By Bruce Wills*
In many ways the 2013 local elections will become one for the history books.
It not only saw a shockingly low national voter turnout, of around 41 percent, but it quite possibly marked the last election for local government as we know it.
Some our councils are titans like Auckland with its 1.41 million people but they range down in size to the Chatham Islands with a mere 600.
The Chatham’s is unique given its physical location but there’s a baker’s dozen of councils with a usually resident population of fewer than 10,000 people.
Yet many OECD countries have a far larger number of local authorities than we do. Switzerland, for example, has 2,500 communes and 26 cantons for eight million people. Their communes undertake wider roles than our districts do and Switzerland’s cantons do more than our regions do.
So it could be argued that because our councils are so large and remote, it has bred low voter engagement.
It is no coincidence that those councils with the highest turnout were small rural councils like Mackenzie and Hurunui. Yet 2013 also saw, for the first time ever, a majority of rural voters not performing the easiest of democratic duties.

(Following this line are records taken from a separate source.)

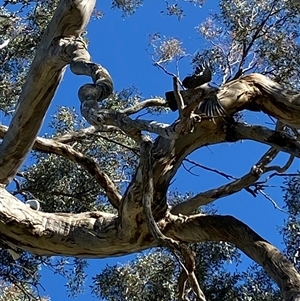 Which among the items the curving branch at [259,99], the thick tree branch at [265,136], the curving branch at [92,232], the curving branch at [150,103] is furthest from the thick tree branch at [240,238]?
the curving branch at [150,103]

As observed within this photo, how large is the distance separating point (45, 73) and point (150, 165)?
1097 millimetres

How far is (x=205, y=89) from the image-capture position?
2.85 meters

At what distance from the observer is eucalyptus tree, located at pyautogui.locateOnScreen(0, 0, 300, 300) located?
11.0ft

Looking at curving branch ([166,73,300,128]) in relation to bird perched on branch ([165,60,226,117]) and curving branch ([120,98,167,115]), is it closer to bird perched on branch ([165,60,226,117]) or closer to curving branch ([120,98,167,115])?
bird perched on branch ([165,60,226,117])

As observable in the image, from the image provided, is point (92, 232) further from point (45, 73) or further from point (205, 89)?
point (205, 89)

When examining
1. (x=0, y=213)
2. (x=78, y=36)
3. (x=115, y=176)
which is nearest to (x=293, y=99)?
(x=78, y=36)

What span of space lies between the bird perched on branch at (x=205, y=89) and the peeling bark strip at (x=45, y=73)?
983 millimetres

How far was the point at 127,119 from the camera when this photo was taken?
297cm

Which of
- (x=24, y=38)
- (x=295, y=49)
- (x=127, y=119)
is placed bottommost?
(x=127, y=119)

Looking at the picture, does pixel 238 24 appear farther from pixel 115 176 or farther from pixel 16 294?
pixel 16 294

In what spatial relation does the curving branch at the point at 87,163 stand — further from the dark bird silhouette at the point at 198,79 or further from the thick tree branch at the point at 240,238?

For rural communities this level of disinterest and disengagement comes at a time when amalgamation is on the cards.
It is the worst possible time to lose interest or your voice so how did it come to this?
It isn’t as if local government is small beer, being a $120 billion ‘business’. It is not even as if it doesn’t touch our everyday lives. From water taps to rubbish collection to local roads, local government touches everyone, everywhere. Why then are people so disengaged that they cannot bother to open an envelope, give it five minutes attention and return it?
I believe the fault rests in the way postal voting turns local elections into a three-week slog.
The starting gun gets fired but instead of a race it becomes an exercise in watching paint dry.
After three long weeks it finally limps over the finishing line with a whimper and not a bang.
Imagine if the All Blacks played a marathon test lasting a full three weeks. Perish the thought but even the most fervent fan would get bored and tune out for days at a time. It is like this with the postal ballot.
Along with the bills you get a voting pack and unless you do it there and then, there’s a good chance it gets ‘filed’.
Even returning your ballot paper in the post reduces the electoral process to a soulless chore. Elections, like test matches, need a steady build before reaching the sort of climax we get with general elections.
At the 2011 General Election, 74.21 percent of New Zealanders voted but contrast that with the 2013 Auckland super city elections, where it was a jarring 34 percent.
Even in Christchurch, where local government issues are prominent, turnout stumbled to a mere 41 percent.
So what’s the answer?
Local Government New Zealand and mayors like Auckland's Len Brown as well as Palmerston North’s Jono Naylor believe that online voting is the way of the future.
I agree but it needs more than swapping the post box for the net. Doing just that may boost turnout for an election or two, but as with postal voting, it would soon crash again when the novelty wears off.
Before recent events overshadowed him, Len Brown said on Radio NZ’s election special that he favoured a single election day using online and in-person voting. Again, I agree.
The idea of one big day provides reason for all of those signs, flyers, articles and activities candidates get up to.
As the great showman PT Barnum once said, "without promotion, something terrible happens ... nothing!"
Promotion needs an event to focus upon and in voting terms that becomes election day; the one day where hopes and dreams are made or dashed. It may sound Hollywood but the big day becomes a shared event we all participate in. If we do go to internet it will not bypass the letter box completely. Like PIN numbers for online banking, voters will physically need to receive part of their online access through postal means in order to reduce any risk of electoral fraud.
The internet now allows us to marry the traditional in-person vote with voting on-line; back to the future with a twist.
To work it needs focus around a single day and not an interminable three week period. Some people have even called for Australian style compulsory voting but fining people into voting doesn’t seem very democratic.
With 2016 looking likely for the big change it is an election which could be set against a very different local government.